Yeah. Data catalogs, do they become more important? Are they transferred?
Oh, man. Like, straight to the gut. So so that was something I got wrong.
I I'm sorry. I don't know the background. What what did you
I I I just I really believed that data catalogs were going to become an important part of, you know, the modern data stack.
And the the players are Atlin. I I the those are the best ones because she's she's Singaporean. So I
Yeah. Yeah. There there was
Data world.
Girl, data world, metaphor within our portfolio.
They've all struggled as a category?
They all have struggled a bit as a category. Many of them have been, you know, acquired subsequently, which suggests that, like, this was not, you know, perhaps a a standalone category. As a data scientist, like, I spent so much time working on data catalogs. And so, you know, I kind of felt like this was like, this was the thing I wanted. Like, I didn't wanna have to, like, build the yeah.
Or to the point also, like, pre training data, you have a lot more heterogenous data all over the place. Yeah. And, like, you you need to keep on top of it, and and you need to make it discoverable, accessible, and all that. So why didn't it work?
So so I think there were a couple of things. I think we have seen some consolidation in, the, you know, modern data stack, particularly around, you know, some of the key components, whether it was, you know, Fivetran or DBT or, you know, Hex or, you know, Snowflake. Many of these products offered kind of, like, data cataloging, capabilities as a feature. And I think for humans, that was good enough. Like, the the data catalog that you had available in Snowflake was good enough.

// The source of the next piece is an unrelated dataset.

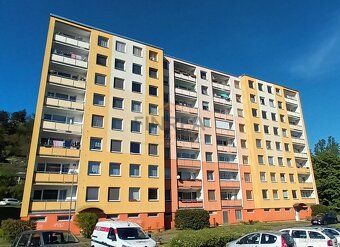 Hledáte byt k investici nebo okamžitému bydlení? Nabízíme pr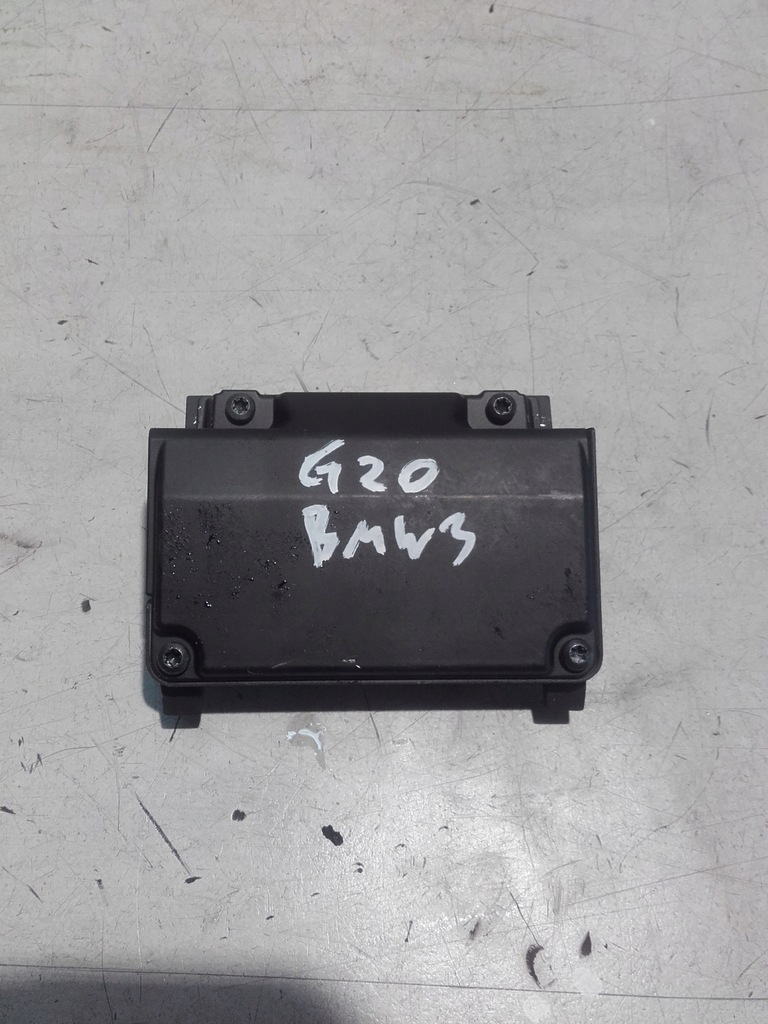 фото №1, Bmw 3 g20 модуль камера kafas 7911468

The data cataloging capabilities available in DBT, like, those were good enough. They did
DBT, like, obviously, as they didn't build the cloud, they were going to build it. Yeah. Yeah. What else do you do?
I mean, it's actually funny. In fact, my colleague, Bar, at Amplify, was, the, like, products lead on the these kind of, like, metadata services. I think it's still not obvious to me, but I think one opportunity that might have existed and or could have been realized was the opportunity to build data catalogs not for humans, but, you know, for, you know, machines. This would look a little bit more like, you know, metadata services.
Mhmm.
I don't just mean for agents, although I think, you know, that opportunity is arising more. But even, like, microservices and things like that. Okay. Yeah. So so I do wonder at times, like, if we built data catalogs for the wrong people, and potentially even, you know, for the wrong use cases.
Like, I think a lot of, data cataloging companies ended up focusing on, like, discoverability when perhaps, like, the real market opportunity was in governance.
Governance, very important. Any other comments just about what you know so far about the data stacks of the large labs? You know, I guess, obviously, a lot of data people might who might be listening would want to sell into them.
Yeah. I mean, a couple of observations. One is that, you know, they are actually paying careful attention to their data stacks. I think they're thinking about, you know, problems ranging from, you know, data discoverability to, data preparation to even things like the efficiency of data loading. Like, if you're unable to load data to a GPU efficiently, then the GPU is going to sit idle, and that's going to be a kind of like
a cost
yeah. Yeah. Exactly.
So But what what solution is tunnels that? I don't actually
I mean, I get to to talk about yes. Exactly. Plug my portfolio company is, we have a portfolio company called Spiral that has developed a file format called Vortex, and they make data loading, like, super efficient.
Specifically to GPUs?
Specifically to GPUs. Okay. Yep. Yeah. Good to know.
One of the things that has surprised me though is actually that, like, so much data infrastructure has actually scaled quite elegantly to meet the AI use case. You would hope. You you would. But, like like, the scale of these AI companies, it's incredible. And so they It's
not as big as ads.
Maybe. Maybe. Yeah. I I I think that could change, either, like, as agents actually become kind of, like, more prevalent or and are interfacing with each other, and therefore, like, perhaps, like, the number of transactions explodes. I have a friend who works on transactional databases at OpenAI, and I was like, so you must be, like, building databases.
Like, this is like a paradigm shift in terms of, like, the scale that, like, databases are, like, going to need to handle. And he's like, no. We use Rockset. Like, it it It's
the one they acquired. Right?
Yes. Exactly. Yeah.
Very cool. Okay. Let's just talk about funding around it because, obviously, that's that's like a a big theme this year. What is comes to mind in terms of looking back at 2025? What stands out?
It was crazy.
Yeah. You can give anonymized examples of, like, what what what does crazy look like?
Yeah. I mean, I think crazy looks like raising upwards of a $100,000,000.
Seed?
Like upwards of a $100,000,000 in a seed round where you have a long term vision, but not a near term road map. Yeah. This is something that I'm seeing happening not just occasionally, but quite frequently.
Yes.
And it definitely makes me anxious because firstly, like, when founders are asking me, you know, how much should I raise? I'm typically saying like
3, like, 5.
Well, like, what do you need to do? Like, what are your milestones for the next, you know, let's call it, like, twelve to twenty four months? What resources do you need in terms of, you know, headcount compute equipment to unlock those milestones, and then, like, maybe add, like, a 20% buffer or something like that. Yes. But doing that analysis requires you to, like, understand what you're going to build in the next zero to, let's call it, like, twenty four months.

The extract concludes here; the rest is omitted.